Orange trees, like many fruiting trees, come in a lot varieties, each with its own quirks and specific growth-cycles. Some need to be replanted every dozen years, others can be productive for twice as long.
Susan's family is proud of the few new varietals they have recently planted clones of, and their yields in the past five years have been growing steadily.
But Susan is concerned.
Something about this seems too good to be true.
Could this rapid increase in productivity really continue?
Susan decides to call up a friend from college that studied math to try to answer this question. After about a week or two of back-and-forth communication to build the model of the farm's assets (its trees), it became clear that the growth would come to a peak and then decline.
That means contracts couldn't be met. In as little as ten years.
Susan knows that personal relationships with growers are the lifeblood of a packer's business, and she wanted to do anything in her power to preserve those hard-earned contracts. If she couldn't meet the demand, larger growers might be able to squeeze her family farm out of the business.
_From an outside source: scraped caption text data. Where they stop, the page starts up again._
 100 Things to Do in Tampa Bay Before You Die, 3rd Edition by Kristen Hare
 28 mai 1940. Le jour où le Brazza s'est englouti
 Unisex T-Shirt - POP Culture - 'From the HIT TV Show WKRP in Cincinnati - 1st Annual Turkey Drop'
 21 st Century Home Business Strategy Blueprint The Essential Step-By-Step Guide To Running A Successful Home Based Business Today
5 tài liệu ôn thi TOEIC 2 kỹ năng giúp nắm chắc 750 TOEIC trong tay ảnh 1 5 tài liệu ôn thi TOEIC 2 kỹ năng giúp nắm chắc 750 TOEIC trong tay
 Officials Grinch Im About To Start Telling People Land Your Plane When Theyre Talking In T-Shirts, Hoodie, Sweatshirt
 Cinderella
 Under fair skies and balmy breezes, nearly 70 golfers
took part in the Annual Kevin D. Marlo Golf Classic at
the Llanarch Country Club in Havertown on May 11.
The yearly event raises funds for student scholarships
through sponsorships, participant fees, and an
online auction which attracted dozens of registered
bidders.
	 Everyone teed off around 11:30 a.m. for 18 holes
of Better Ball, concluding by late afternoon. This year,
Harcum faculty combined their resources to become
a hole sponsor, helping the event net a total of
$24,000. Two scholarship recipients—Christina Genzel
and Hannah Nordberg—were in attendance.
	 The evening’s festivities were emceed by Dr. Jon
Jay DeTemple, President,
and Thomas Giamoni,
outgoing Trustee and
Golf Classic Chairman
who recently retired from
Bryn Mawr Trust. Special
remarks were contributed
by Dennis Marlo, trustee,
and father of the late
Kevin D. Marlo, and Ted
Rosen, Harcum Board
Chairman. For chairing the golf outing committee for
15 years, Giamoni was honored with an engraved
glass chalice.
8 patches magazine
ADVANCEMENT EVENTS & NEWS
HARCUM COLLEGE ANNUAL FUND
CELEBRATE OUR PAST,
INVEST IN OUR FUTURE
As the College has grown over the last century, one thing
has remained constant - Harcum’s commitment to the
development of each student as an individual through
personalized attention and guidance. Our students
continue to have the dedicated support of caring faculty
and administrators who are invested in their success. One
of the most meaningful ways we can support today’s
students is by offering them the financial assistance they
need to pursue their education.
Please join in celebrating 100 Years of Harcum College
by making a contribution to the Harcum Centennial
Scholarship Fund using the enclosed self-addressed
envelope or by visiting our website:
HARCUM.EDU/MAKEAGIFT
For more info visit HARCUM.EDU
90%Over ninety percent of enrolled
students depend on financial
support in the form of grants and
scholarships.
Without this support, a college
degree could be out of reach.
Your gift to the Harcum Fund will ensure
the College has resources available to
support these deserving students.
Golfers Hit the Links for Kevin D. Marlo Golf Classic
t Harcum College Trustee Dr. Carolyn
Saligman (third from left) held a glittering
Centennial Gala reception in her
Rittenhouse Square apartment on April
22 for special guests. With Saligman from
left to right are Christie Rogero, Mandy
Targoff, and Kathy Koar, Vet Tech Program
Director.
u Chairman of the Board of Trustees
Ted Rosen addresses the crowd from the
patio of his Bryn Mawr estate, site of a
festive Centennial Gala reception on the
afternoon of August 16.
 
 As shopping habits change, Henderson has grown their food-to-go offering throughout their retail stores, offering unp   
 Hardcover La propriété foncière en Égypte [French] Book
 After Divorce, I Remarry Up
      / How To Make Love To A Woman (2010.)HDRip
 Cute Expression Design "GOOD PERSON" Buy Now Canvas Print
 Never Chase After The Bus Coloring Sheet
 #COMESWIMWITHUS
Susan consults with her parents, and based on their advice she comes back to her friend with a question:
Would pruning some the trees once they're past their first yields help?
This is a question with series consequences. She has to give up potentially dozens of perfectly good branches in hopes that new ones grow back and increase overall production.
Let's see how we can help Susan.
This one's a little overkill, but we did write a program to actually simulate the growth of the trees over time, run thousands of probabilistic scenarios, and get an expectation of the yield from pruning in order to compare it to the yield if Susan does nothing at all. We also tried to find a good proportion for how many of the trees to prune, as well as the best time to do so.
We can see the yield from inaction with the solid line, and the dotted one represents the expectation of pruning a third of her crop. So, Susan would be making a significant sacrifice from around 2030 to 2035, but there is an overall benefit to the long-term sustainability of production.
We can see from the plot that after the initial decline from pruning (along with a combination of other factors), the yields begin to grow at a much steadier pace.
With this strategy, there will be fewer major variations in Susan's future income.
She can more confidently plan the responsible growth of her business.
With the help of mathematical analysis, Susan can ensure the success and economic sustainability of the family business for future generations to come.
In fact, she can plan for that period of decline with investments now, which we can absolutely begin to factor into our simulations. The first round of analysis uncovered a problem and presented some solutions with supporting evidence. This in turn informed additional logistical questions, that can be addressed with more mathematics. But for the sake of brevity, we conclude this example here.
Mind the Math.